Karena hanya mengubah beberapa pasal saja dari UU No.13 tahun 2003 tentang ketenagakerjaan, maka pada dasarnya, UU No. 13 tahun 2003 tentang Ketenagakerjaan masih tetap berlaku, kecuali terhadap pasal-pasal atau ayat-ayat yang dilakukan perubahan yang dituangkan dalam UU No. 6 tahun 2023 tentang Cipta Kerja.
Sayangnya, masih banyak kalangan buruh atau serikat buruh yang beranggapan bahwa UU No. 13 tahun 2003 tentang Ketenagakerjaan sudah tidak berlaku lagi seluruhnya, dan yang berlaku sekarang ini adalah UU No 6 tahun 2023 tentang Cipta Kerja. Pandangan yang salah dalam memahami perubahan ini membuat sebagian pengurus serikat buruh menjadi gamang.
Kegamangan serta anggapan yang salah dari serikat buruh dalam menghadapi perubahan, dalam hal ini dengan diberlakukannya UUCK, kemudian dimanfaatkan oleh sebagian pengusaha untuk menegosiasikan Perjanjian Kerja Bersama (PKB) dengan pokok bahasan mengubah pasalpasal di dalam PKB agar disesuaikan dengan aturan yang tertuang dalam UU No. 6 tentang Cipta Kerja.
Anggapan yang salah ini kemudian berlanjut menjadi pemahaman yang salah, dimana banyak serikat buruh yang berpikir bahwa perubahan isi PKB agar sesuai dengan aturan yang ada di dalam UUCK adalah perubahan yang menjadi sebuah keharusan, jadi apapun isi PKB yang tidak sesuai dengan UUCK harus dilakukan perubahan agar sesuai dengan UUCK. Ini adalah anggapan yang salah kaprah.

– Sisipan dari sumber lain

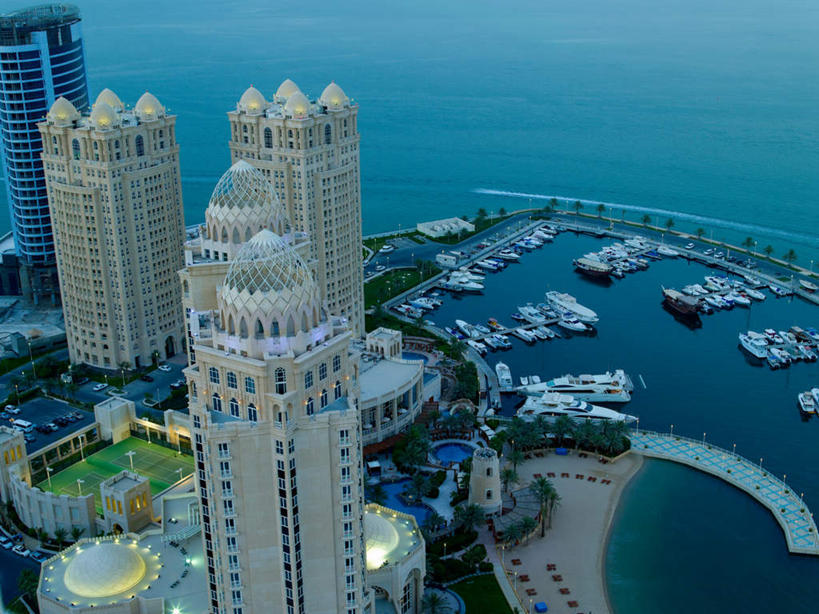 无人,高楼大厦,码头,横图,俯视,航拍,室外,白天,度假,美景,植物,城市风光,标志建筑,城市,大厦,道路,地标,港口,建筑,路,轮船,摩天大楼,公路,船,卡塔尔,亚洲,一排,停靠,阴影,整齐,光线,影子,景观,水平线,辽阔,交通,海平线,首都,娱乐,建设,树,树木,排列,绿色,阳光,自然,交通工具,享受,休闲,广阔,景色,放松,生长,成长,一望无际,鸟瞰,队列,停泊,载具,西亚,多哈,无边无际,一马平川,卡塔尔国,贝达,马路,彩图,高角度拍摄,摆渡口,埠头,大楼,渡口,渡头,港湾,高层建筑,高楼,海港,货运码头,口岸,摩天楼,商港,水天相接,水天一线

Pernyataan di atas pada dasarnya tidak sepenuhnya salah, namun juga tidak sepenuhnya benar, tergantung dengan kondisi dari isi PKB yang dibandingkan dengan isi UUCK.
Pernyataan bahwa isi
yang ada di dalam PKB harus menyesuaikan dengan aturan yang tercantum di UUCK
pada dasarnya harus di lihat dari beberapa kondisi yaitu sebagai berikut:
1. Kondisi dimana isi PKB, nilainya lebih
rendah dibandingkan dengan aturan yang tertuang didalam UUCK.
Apabila terdapat beberapa pasal atau ayat di dalam
PKB yang ternyata lebih rendah dari UUCK, maka beberapa pasal atau ayat dari
PKB tersebut harus dinyatakan batal demi hukum, sehingga yang berlaku adalah
UUCK untuk pasal atau ayat yang nilainya lebih rendah dari UUCK.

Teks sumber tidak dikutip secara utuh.